Monday, October 13, 2008

Later That Day

It's when I hold my head in a certain way that caused the pain to flair up in my neck again. I took the prednisone early, around eight o'clock maybe. The pain in my neck took until around three o'clock to ease off noticeably. I'm thinking, this is cool man. My neck was locked up like you might get a muscle cramp in yo' leg. For days on end it just locked down tighter. The discomfort in my neck was the thermometer I used to decide when to take the steroids. It was also the chief indicator that the steroids were working.

I don't really have a head ache. It's the muscles surrounding or involved with the vertebrae in my neck. There seems to be a lot of inflamed tissue there. I don't know whether it's the muscles or the bones themselves or both. I would swear that my brain aches. Literally. But, it doesn't hurt like a head ache. For a while, I had both.

The pain or tension there moves. Something is definitely going on. I have scary thoughts that the x-rays and blood work show that I'm eat up with a brain tumor and they've concluded it's too late to help. I'm a walking dead person. Well, I do. I consider everything. Why would I not?

It would be just my luck to achieve immortality now, and live forever and a day in extreme pain. Maybe I can convince some of those Greek gods to cough up some of that nectar they drink that heals all that ails you.

I may not know any Greek gods. I've met some very interesting Greeks. Every Greek that I've met swears they don't actually believe in the old Greek gods anymore. They love Jesus instead. Well, except for the ones who become Turkistans and decided to love Mohammed instead.

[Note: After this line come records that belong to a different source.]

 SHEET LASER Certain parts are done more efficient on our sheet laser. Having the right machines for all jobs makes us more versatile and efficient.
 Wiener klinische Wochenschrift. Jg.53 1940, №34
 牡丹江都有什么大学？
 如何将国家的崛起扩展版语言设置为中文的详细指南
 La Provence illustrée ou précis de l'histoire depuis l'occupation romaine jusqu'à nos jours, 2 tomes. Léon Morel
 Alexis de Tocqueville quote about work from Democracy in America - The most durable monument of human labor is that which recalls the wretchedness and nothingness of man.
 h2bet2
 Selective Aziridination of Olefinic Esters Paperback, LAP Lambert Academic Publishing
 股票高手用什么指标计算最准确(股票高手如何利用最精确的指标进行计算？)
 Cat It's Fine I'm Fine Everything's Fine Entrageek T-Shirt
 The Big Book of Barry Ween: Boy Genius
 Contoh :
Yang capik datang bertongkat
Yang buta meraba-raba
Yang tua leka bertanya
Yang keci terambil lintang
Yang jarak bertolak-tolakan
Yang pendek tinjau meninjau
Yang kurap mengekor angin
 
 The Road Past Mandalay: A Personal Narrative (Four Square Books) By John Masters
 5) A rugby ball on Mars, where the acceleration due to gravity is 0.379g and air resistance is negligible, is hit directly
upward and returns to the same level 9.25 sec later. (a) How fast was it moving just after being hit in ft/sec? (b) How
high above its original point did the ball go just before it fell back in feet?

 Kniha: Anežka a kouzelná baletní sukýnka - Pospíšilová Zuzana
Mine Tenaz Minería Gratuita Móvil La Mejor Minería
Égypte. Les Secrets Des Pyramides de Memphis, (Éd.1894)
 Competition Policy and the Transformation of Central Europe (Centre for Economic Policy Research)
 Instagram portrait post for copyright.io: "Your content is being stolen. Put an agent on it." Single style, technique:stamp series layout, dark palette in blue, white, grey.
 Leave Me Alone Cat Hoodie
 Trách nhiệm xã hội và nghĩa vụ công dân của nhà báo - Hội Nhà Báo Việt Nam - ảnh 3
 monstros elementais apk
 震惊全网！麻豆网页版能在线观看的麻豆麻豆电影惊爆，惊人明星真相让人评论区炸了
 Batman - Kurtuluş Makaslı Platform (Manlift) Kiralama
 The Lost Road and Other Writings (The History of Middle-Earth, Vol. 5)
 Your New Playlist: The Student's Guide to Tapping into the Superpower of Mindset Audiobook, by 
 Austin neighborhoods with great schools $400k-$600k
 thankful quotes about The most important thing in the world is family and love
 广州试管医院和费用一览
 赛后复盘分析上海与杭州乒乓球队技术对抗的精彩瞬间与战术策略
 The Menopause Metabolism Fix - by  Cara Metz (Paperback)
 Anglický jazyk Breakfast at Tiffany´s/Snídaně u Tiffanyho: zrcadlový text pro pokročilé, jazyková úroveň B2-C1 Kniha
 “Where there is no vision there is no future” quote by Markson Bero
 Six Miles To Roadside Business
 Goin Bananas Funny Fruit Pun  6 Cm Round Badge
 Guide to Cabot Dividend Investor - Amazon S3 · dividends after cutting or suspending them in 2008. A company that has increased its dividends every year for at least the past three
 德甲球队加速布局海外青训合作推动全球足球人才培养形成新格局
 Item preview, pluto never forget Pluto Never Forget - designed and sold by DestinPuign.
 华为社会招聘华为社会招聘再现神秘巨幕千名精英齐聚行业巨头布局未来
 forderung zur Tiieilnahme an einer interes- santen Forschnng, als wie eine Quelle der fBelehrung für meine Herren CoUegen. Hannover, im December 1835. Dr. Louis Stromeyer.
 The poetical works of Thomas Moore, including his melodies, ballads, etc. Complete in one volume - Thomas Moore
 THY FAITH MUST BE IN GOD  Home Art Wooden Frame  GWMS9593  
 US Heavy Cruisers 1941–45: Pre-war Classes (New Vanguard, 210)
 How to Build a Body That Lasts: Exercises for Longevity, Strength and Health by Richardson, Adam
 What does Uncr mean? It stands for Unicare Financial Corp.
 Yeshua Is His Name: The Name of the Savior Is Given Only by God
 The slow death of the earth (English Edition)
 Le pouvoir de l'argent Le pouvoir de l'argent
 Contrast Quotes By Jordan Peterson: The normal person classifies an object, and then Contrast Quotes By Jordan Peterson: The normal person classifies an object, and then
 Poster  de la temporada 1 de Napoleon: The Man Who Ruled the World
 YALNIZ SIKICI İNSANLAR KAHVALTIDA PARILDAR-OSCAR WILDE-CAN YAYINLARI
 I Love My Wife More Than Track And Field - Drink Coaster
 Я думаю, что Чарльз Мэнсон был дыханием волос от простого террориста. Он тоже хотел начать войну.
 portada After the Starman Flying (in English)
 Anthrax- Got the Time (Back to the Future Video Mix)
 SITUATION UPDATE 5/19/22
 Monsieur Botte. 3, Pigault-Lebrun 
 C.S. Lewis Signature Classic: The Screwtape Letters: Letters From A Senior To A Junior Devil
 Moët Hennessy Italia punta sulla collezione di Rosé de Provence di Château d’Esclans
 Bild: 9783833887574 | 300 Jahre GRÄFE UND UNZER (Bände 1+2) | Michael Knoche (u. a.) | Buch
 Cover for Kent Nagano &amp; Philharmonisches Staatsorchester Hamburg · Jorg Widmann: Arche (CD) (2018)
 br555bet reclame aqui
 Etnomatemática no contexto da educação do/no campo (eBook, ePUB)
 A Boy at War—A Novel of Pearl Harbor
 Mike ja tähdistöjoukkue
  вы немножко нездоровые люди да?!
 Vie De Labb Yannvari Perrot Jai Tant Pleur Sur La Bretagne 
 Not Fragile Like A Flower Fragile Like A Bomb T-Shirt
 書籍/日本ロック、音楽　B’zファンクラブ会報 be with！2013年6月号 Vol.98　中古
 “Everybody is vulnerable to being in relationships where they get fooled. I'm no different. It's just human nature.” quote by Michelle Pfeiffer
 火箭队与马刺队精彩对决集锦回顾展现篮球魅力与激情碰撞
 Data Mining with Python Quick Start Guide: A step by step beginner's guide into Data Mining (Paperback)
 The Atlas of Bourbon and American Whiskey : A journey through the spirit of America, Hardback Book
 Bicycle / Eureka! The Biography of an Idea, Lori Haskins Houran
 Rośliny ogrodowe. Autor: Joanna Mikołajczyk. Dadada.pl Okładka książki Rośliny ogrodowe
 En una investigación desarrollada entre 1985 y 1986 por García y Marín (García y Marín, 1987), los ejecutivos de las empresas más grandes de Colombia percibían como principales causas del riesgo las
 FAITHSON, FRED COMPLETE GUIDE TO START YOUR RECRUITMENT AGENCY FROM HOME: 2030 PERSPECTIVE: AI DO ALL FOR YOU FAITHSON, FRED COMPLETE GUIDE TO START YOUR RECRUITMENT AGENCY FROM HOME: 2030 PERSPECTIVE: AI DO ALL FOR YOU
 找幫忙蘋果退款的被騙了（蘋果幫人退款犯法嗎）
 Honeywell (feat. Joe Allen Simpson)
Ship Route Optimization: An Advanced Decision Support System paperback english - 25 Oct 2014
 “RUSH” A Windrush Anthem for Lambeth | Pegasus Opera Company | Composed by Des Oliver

That was shocking to me. Almost as shocking as finding out that the Huns lived in Hungary. I had a brief, but unsuccessful love affair with this really bright woman of Greek descent. Her father was from the old country and grew up on one of the more populated Greek islands. Her mother was a first-generation Greek. Both her parents were born and raised in Greece. It was an arranged marriage between an old man and a young woman. She went along to get along. I met her. I read her palm. She had a long head line with a perfectly formed star on the upper end of it.

She told me stories that came down through her family about what life was like in the Greek islands. Very tough. This woman was a virtual Sheherazade. She told believable stories. She could have made them up on her own. She could have researched them academically. She could have learned the stories sitting at her parent's knee. One day her father told her to stop crying. She was a baby. When she didn't stop crying, he picked up by her little legs and threw her into a hot frying pan on the stove. She showed me the scar.

Everything else but the scar looked enticing. This woman was in my mid-forties and had the body of a teenager. She is a totally uninhibited person in some ways. Deep down, however, she seems like a victim. Bipolar. At least, that's what she told me the problem was. I knew what she wanted. I knew what she chose me for. I knew I probably wouldn't measure up. One thing I couldn't do. I couldn't refuse to be with her when she decided to delude herself with me.

All the women I've had serious relationships know they're special, and that my needs are just what they got to offer. I never had to beg none of them to be with me. As a matter of fact, they chose me for their own reasons by fooling me into thinking I seduced them. It always turns out that way. There has only been a handful I've fully engaged with. The women I might claim to have actually seduced didn't last long.

This woman had credentials up the ying yang. She was Phi Beta Kappa, and a true slut to beat the band. Capricorn. She wanted exclusivity with a wild passion. She want my exclusivity, yet not give it. I turned to old friends for comfort. I knew she couldn't hang with my down side. I couldn't hang when she was up. Constant mis-match.

My first wife's name was Glenda, and she was born in the masculine sign of Aries. Her father's name was Glenn. He was soft on the outside. My second wife's name was Carla, and she was born in the masculine sign Gemini. Her father's name was Carl, and was soft on the outside. This woman's name was Claudia, and was born in the feminine sign Capricorn. At least her father's name was not Claude, and he was a murderous terrorist and a crime boss. I thought we had a chance. I was too soft on the inside.